Питер подался вперед. Их с Русланом разделяло пять шагов через комнату.
— Эдгара не устраивали протезы бессмертия вроде мемориальных досок. Ему не интересно было, кто его вспомнит или не вспомнит, кому или чему он даст жизнь. Он не хотел обессмертить свое имя. Его раздражала неизвестность в вопросе о посмертном существовании души. Он полагал, что мыслящее существо не должно умирать здесь, в материальном мире.
— И поэтому, вы говорите, он создал лихорадку?
— Лихорадка — побочный эффект. Полагаю, то, чем занимался Эдгар, было не совсем наукой. Или совсем не наукой. Он вышел на грань дозволенного — и за грань. Кстати, должен тебе признаться в преступлении: я убил человека.
— Вы убили Эдгара?!
— Нет, зачем… Это трудно, да это и было бы бессмысленно… Я убил одного пациента, который выздоровел после лихорадки.
— Что он вам сделал?
— Просто выздоровел. У него был иммунитет. Я дождался, пока он заснет, взял шприц…
— Зачем?!
Питер поднял лицо, укутанное синей марлей, к белому потолку:
— У меня была идея.
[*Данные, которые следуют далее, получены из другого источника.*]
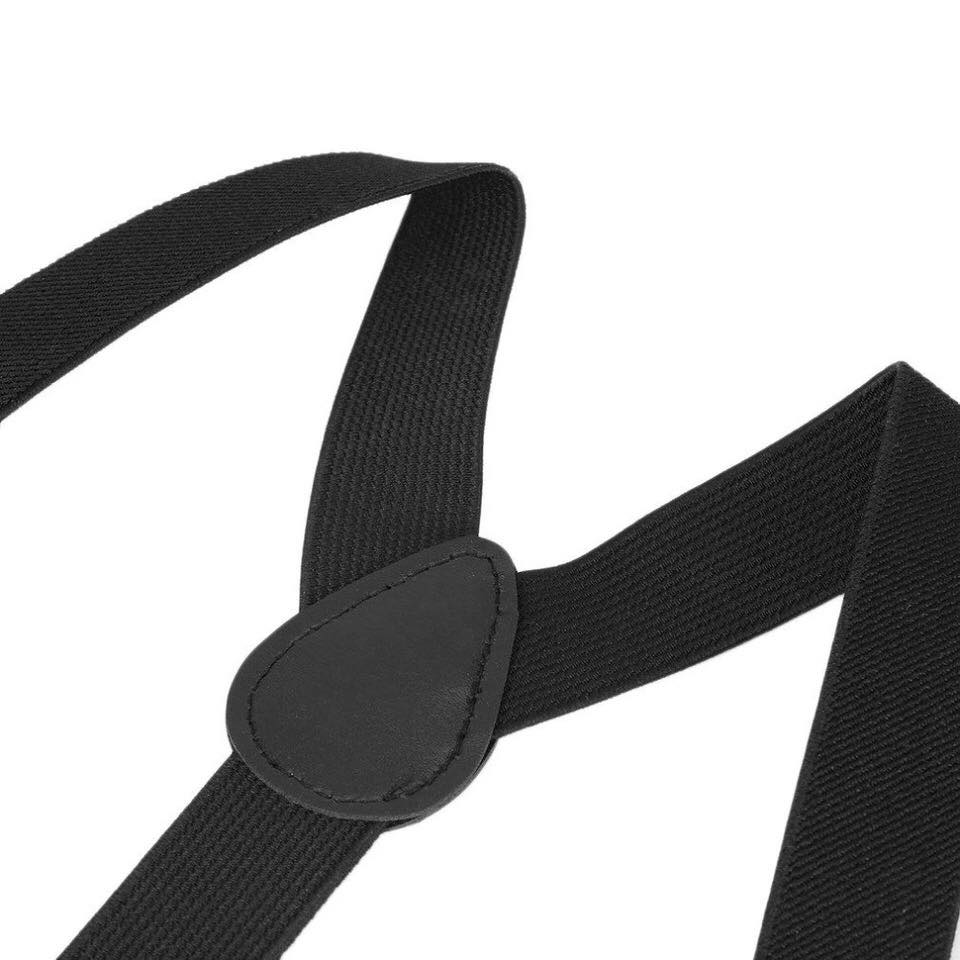 Tirantes Ajustables Unisex Suspendedores - Negro
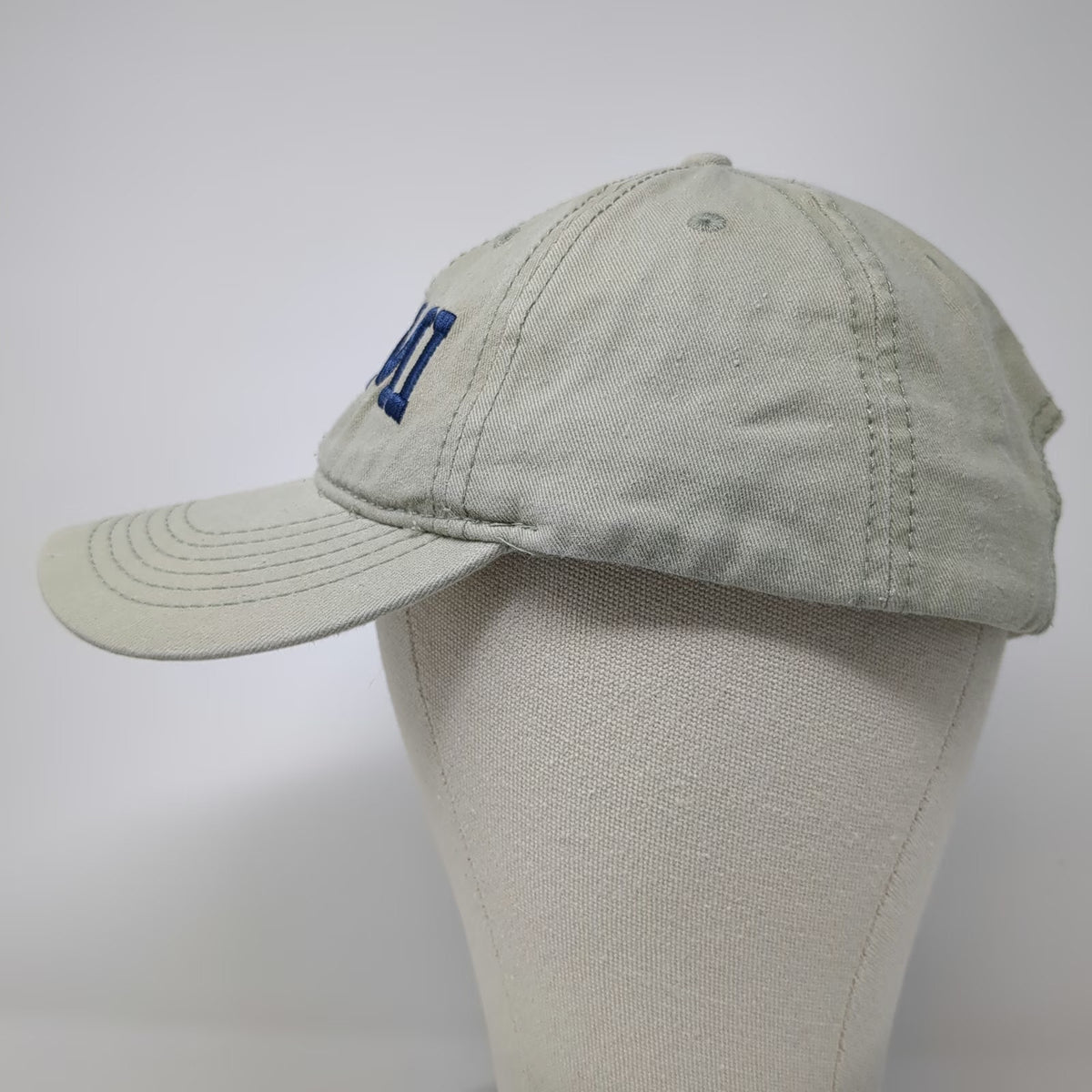 ESY Baseball Cap Beige One Size Embroidered Miami Slideback Cotton Strap Hat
Я боялся, что лихорадка Эдгара… вот ты веришь в бессмертие души?
Руслан облизнул растрескавшиеся губы.
— Я? Да. Наверное. Верю. Но я не очень религиозный, если вы об этом.
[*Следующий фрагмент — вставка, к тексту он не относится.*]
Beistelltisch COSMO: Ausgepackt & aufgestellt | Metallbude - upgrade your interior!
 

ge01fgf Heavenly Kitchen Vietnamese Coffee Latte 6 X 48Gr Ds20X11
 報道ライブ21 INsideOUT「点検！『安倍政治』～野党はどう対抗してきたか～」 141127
— Не об этом, — с ноткой раздражения сказал Питер. — У нас имеется эмпирический факт: сознание покидает мертвое тело, а потом возвращается в него, сознание возвращается в разлагающийся труп.
— Только у вас. Или у трех процентов умерших. А прочие…
— Если ты реанимируешь человека, чей мозг слишком долго пробыл без кислорода, мозг частично умрет, и ты реанимируешь растение. Но пациент тем не менее будет жив, с биологической и юридической точки зрения. Если в тело вернется душа, поврежденная долгим пребыванием в… в тамбуре для душ, если ты понимаешь, о чем я, — получится ходячий мертвец, который мало помнит, очень мало соображает, а потому бродит в поисках чего-то, чего ему здорово не хватает. Я не совсем понимаю, кому или чему я обязан тем, что моя душа вернулась в тело почти без повреждений. Я пришел в себя на каталке — как в дрянной комедии, честное слово. Было бы еще смешнее, если бы каталку не везли прямиком в крематорий… Но я отвлекся. Думая об Эдгаре, я в какой-то момент спросил себя: а что, если его эксперименты по установлению бессмертия привели к тому, что душам больше некуда уходить?
Он замолчал. Комната казалась очень шумной — это Руслан дышал.